Using mobile application development and 3-D modeling to encourage minority male interest in computing and engineering

Document Type

Journal Article

Publication Title

IEEE Transactions on Education

Publication Date


Date Added



Contribution: This paper shows that participating in a year-round program for African-American male middle school students (ages 10-14) can positively impact their attitudes toward STEM, their confidence in problem solving and team work, and their interest in STEM careers, but may not impact the interest in taking STEM classes to the same extent. Background: Increasing the number of under-represented minorities pursuing degrees in science and engineering through formal and informal learning activities has been a focus in the United States for many years. Efforts to diversify the engineering workforce have often targeted students in high school and college (ages 15-22), with varying success.
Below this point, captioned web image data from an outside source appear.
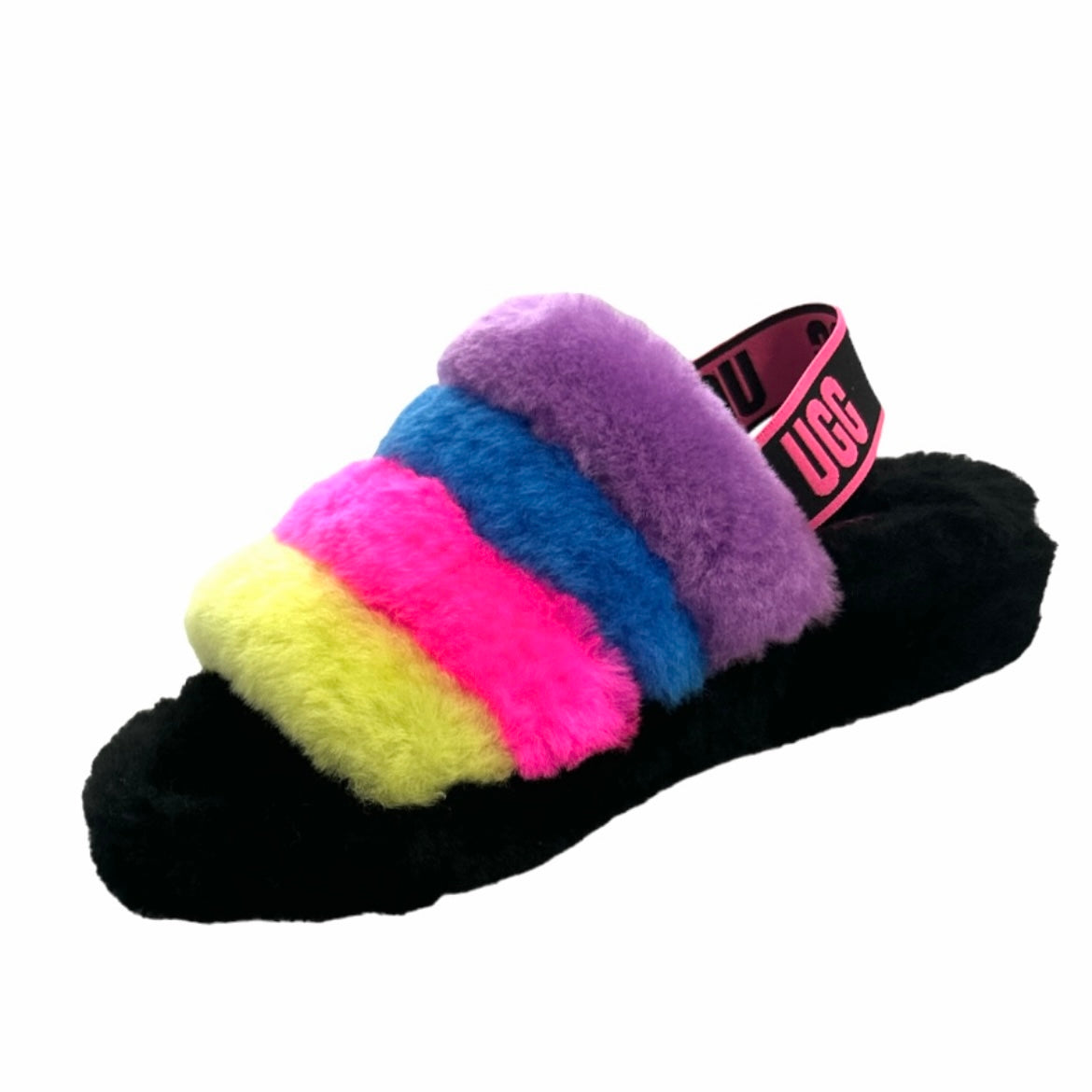 FLUFF YEAH Slide Slingback Multicolor Women's Slippers Sandals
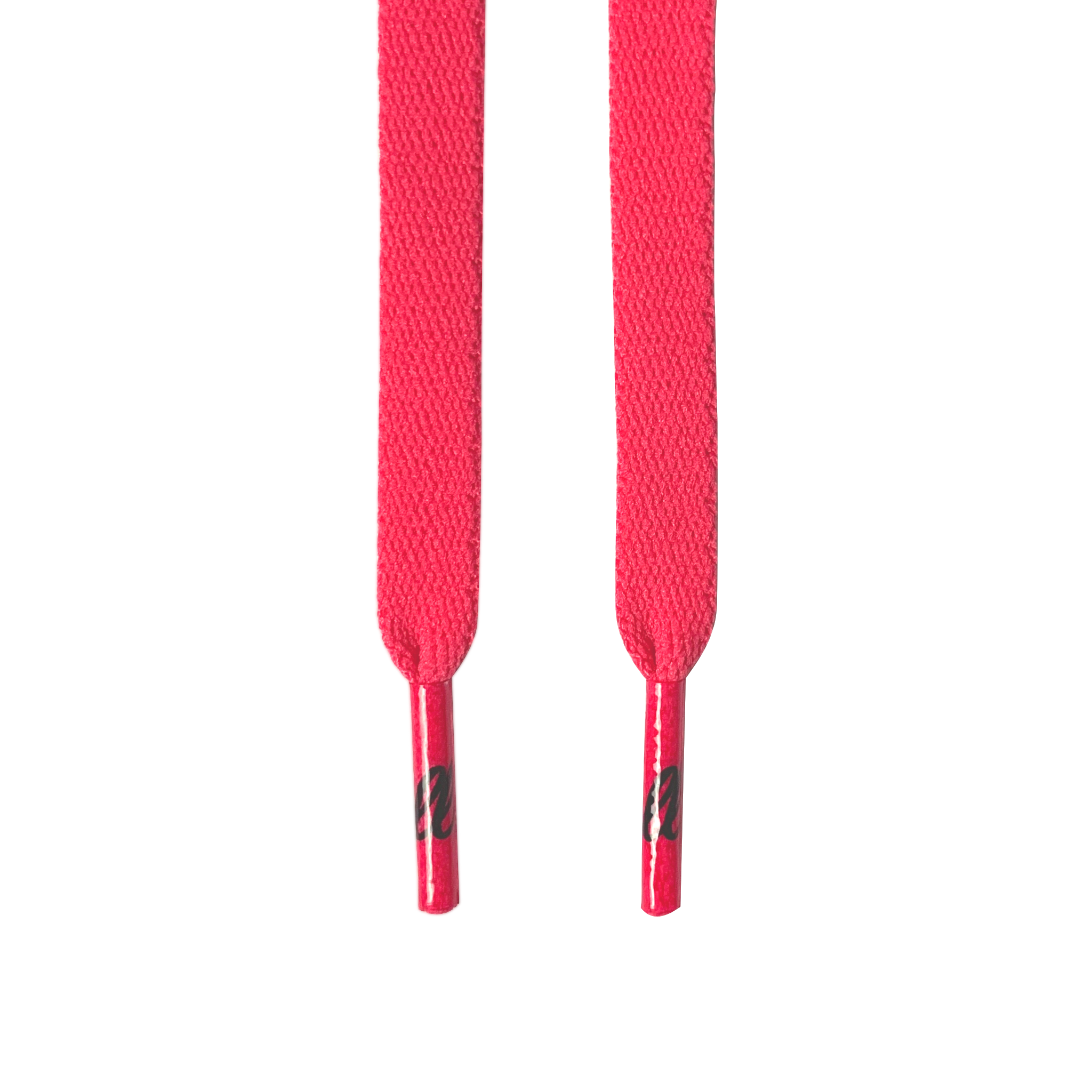 Racer Pink Flat Shoelaces – Looped Laces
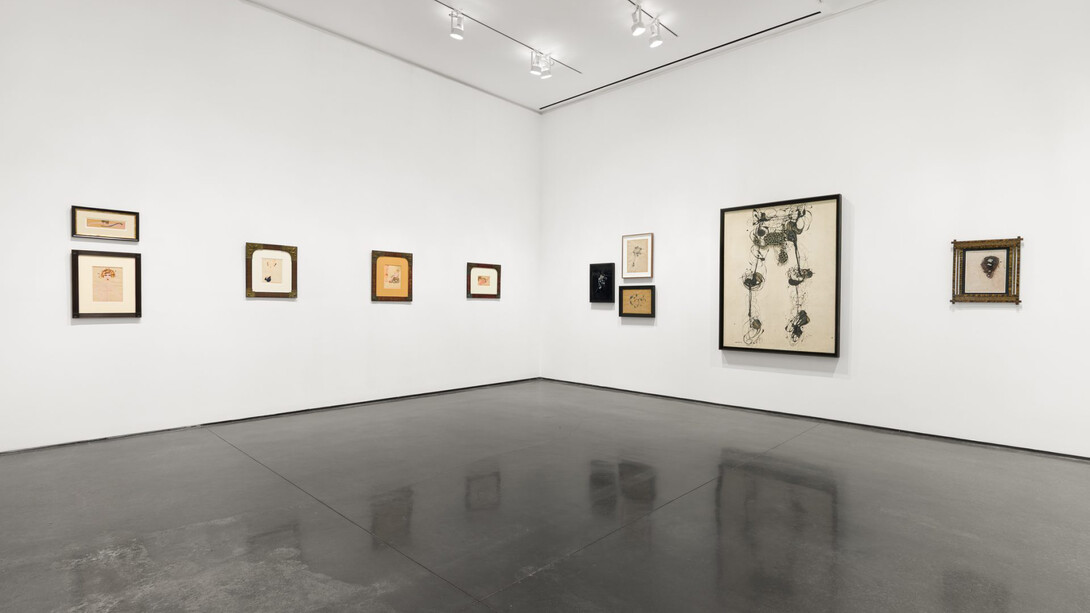 Carol Rama, The tongue, the eye, the foot, exhibition view. Courtesy of Aspen Art Museum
Intended Outcomes: This program was designed to increase participants' content knowledge, interest in STEM courses, interest in STEM careers, interest in attending college, and improve their attitudes about STEM. Application Design: Approaches used included: 1) introducing software tools that encouraged critical thinking, creativity and independent learning; 2) integrating engineering and software design processes; 3) providing projects that were age- and culturally-appropriate; and 4) using ethnically matched mentors. Findings: After almost two years in the program participants show improved attitudes toward STEM, more interest and career choices in computing and engineering, and increased interest in attending college. These findings suggested that summer and academic year programs can be effective for cultivating interest in computing and engineering careers, but their impact on interest in studying related subjects may need further study.